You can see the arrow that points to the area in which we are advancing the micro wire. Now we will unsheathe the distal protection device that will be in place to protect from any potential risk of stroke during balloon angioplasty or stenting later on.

...

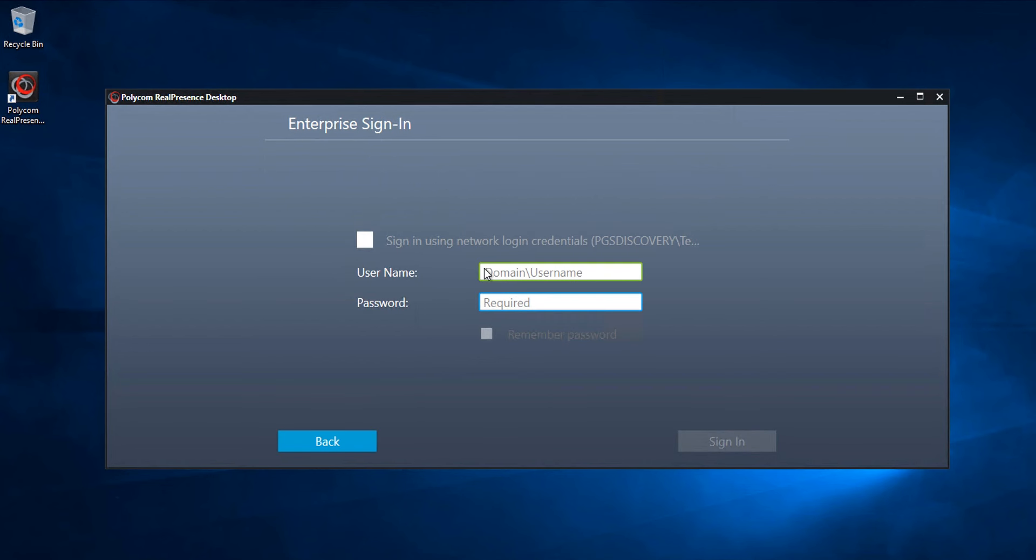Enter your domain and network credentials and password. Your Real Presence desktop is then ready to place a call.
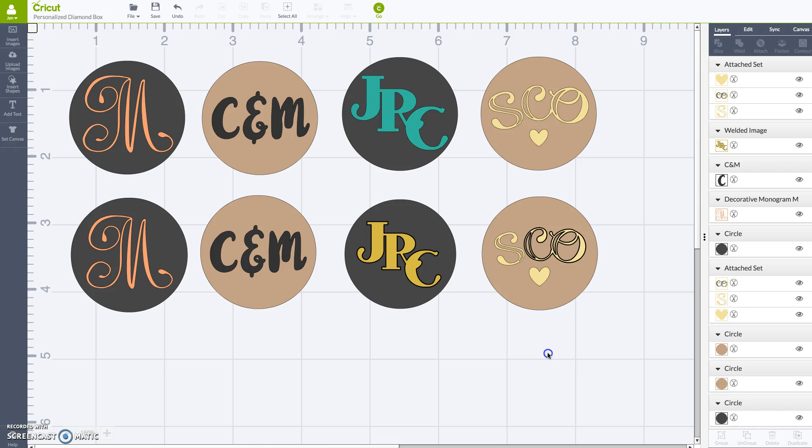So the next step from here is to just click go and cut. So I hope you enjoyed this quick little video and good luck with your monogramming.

## Task statement
Begin at the line in the entries above that has "Enter your domain", stop after the line that has "So the next", and output exactly those lines without pictures.

## Answer space
Enter your domain and network credentials and password. Your Real Presence desktop is then ready to place a call.
So the next step from here is to just click go and cut. So I hope you enjoyed this quick little video and good luck with your monogramming.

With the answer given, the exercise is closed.